President Barack Obama has quietly moved to slow the huge wave of Central American illegal immigrants, two days after Hillary Clinton called for the migrants to be deported back home.
Obama asked Mexico’s president, in a June 19 afternoon call, to intercept the Central American women and children before they reach the Texas border, and to crack down on Mexico’s human smuggling industry.
Obama “discussed the United States and Mexico’s shared responsibility for promoting security in both countries and in the region,” said a White House statement released Thursday evening.
He “welcomed Mexico’s efforts to help target the criminals that lure families to send children on the dangerous journey and to alert potential migrants to the perils of the journey and the likelihood that they will be returned to Central America.”
The non-televised statement is a cautious way for the president to signal to the American public — and to Central American governments — that he wants to slow down the post-2010 wave, which is expected to deposit roughly 300,000 low-skill illegal immigrants in Texas by October.

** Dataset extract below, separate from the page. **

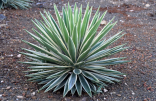 Sazenice Agave angustifolia 'Variegata' cm Balení obsahuje 1 sazenici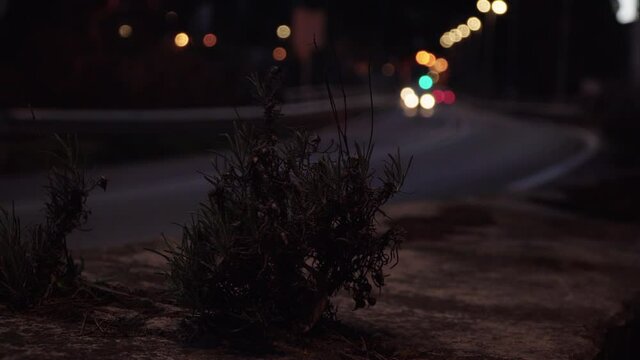 Driving at night, a small bush sits roadside as cars drive by and create beautiful bokeh lighting in the background.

It complements an effort by Vice President Joe Biden, who is expected to meet June 20 with top officials of Honduras, El Salvador and Guatemala to ask for their help in slowing the inflow.
The wave has been dubbed the “Dream Deluge,” because it is believed to be caused in part by Obama’s campaign-trail decision in June 2012 to offer work permits to 560,000 younger illegals living in the United States. Latino advocates describe the younger illegals as “Dreamers.”
Once across the border, the adult illegals will compete for jobs against Americans and recent immigrants, while younger Spanish-speaking illegals will be given places in often-crowded and sub-standard U.S. schools.
Obama said in the statement that the current wave of illegal immigrants would not be eligible for the 2012 amnesty, or for legalization through immigration reform legislation that has passed the Senate. But Obama has shown a willingness to unilaterally change immigration law to suit his priorities.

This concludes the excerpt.